> _EXCERPTED RECORDS_:
***

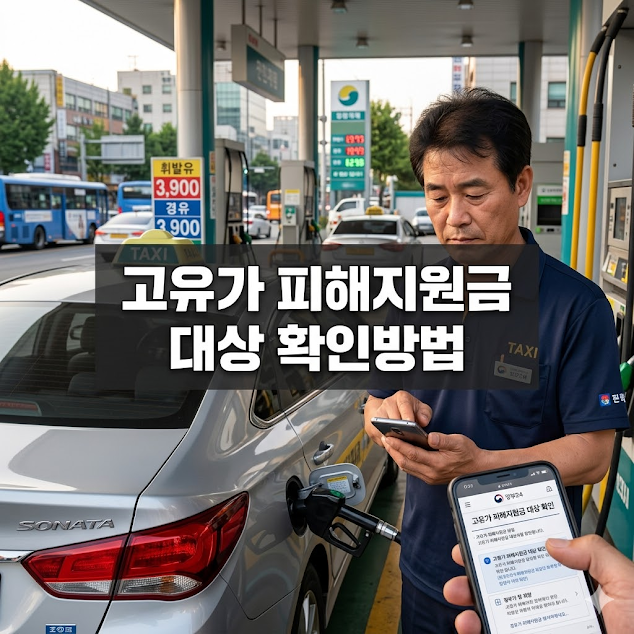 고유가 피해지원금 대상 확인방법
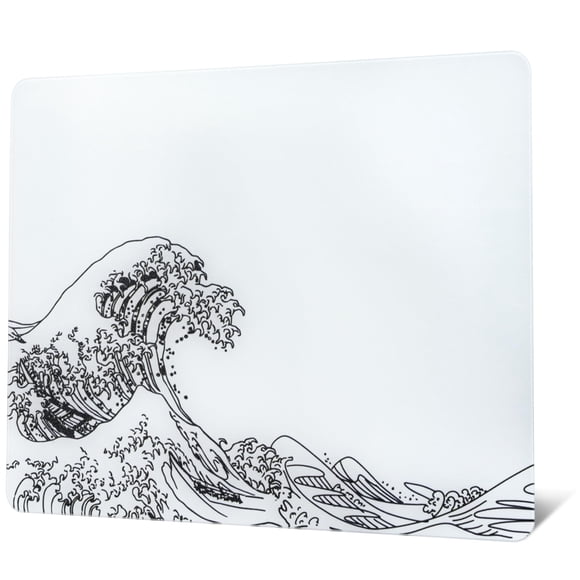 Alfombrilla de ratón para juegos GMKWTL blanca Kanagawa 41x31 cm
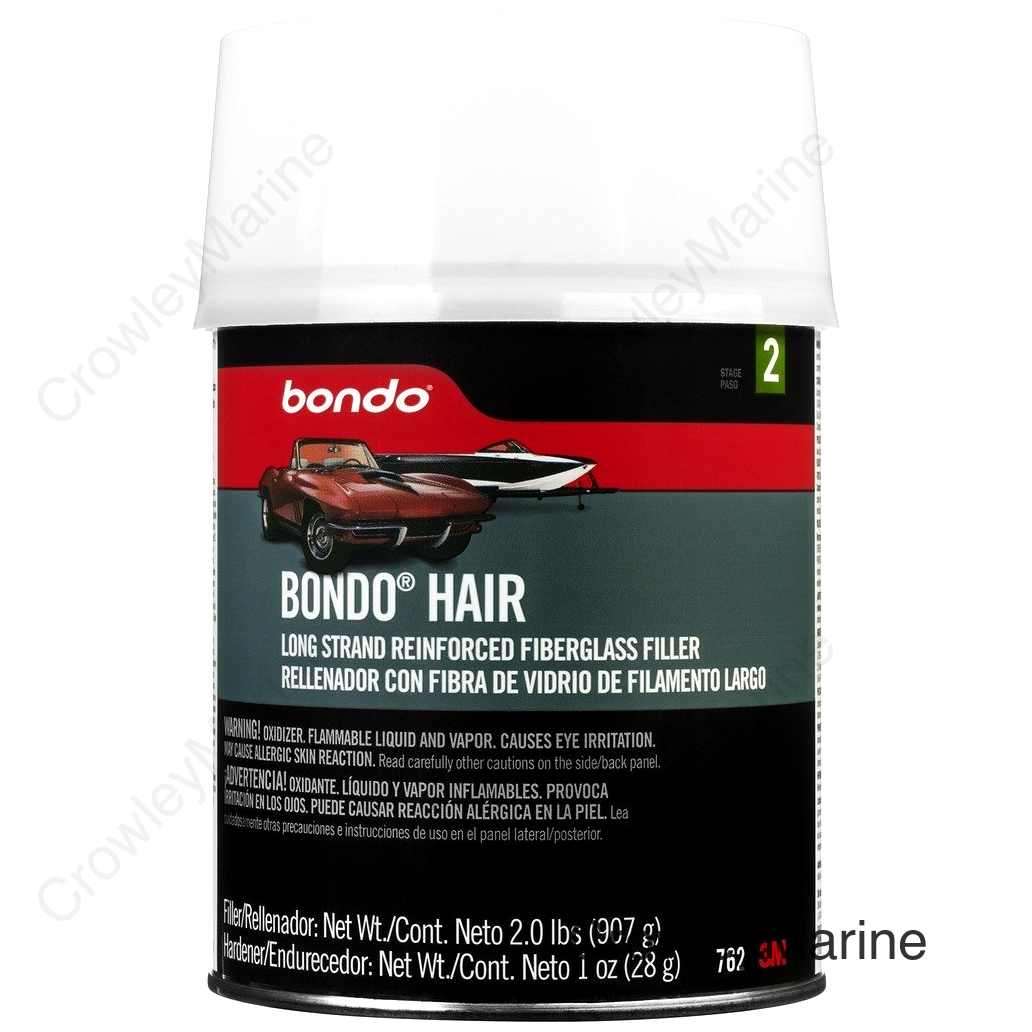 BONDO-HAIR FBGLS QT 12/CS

***

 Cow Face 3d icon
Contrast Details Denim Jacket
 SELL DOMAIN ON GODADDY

***

> _YOUR ASSIGNMENT_:
Since the pictures are not part of the copy, please transcribe only the lines above from the one with "고유가 피해지원금 대상 확인방법" through the one with "BONDO-HAIR FBGLS QT 12/CS", exactly and with both ends.

> _SOLUTION_:
 고유가 피해지원금 대상 확인방법
 Alfombrilla de ratón para juegos GMKWTL blanca Kanagawa 41x31 cm
 BONDO-HAIR FBGLS QT 12/CS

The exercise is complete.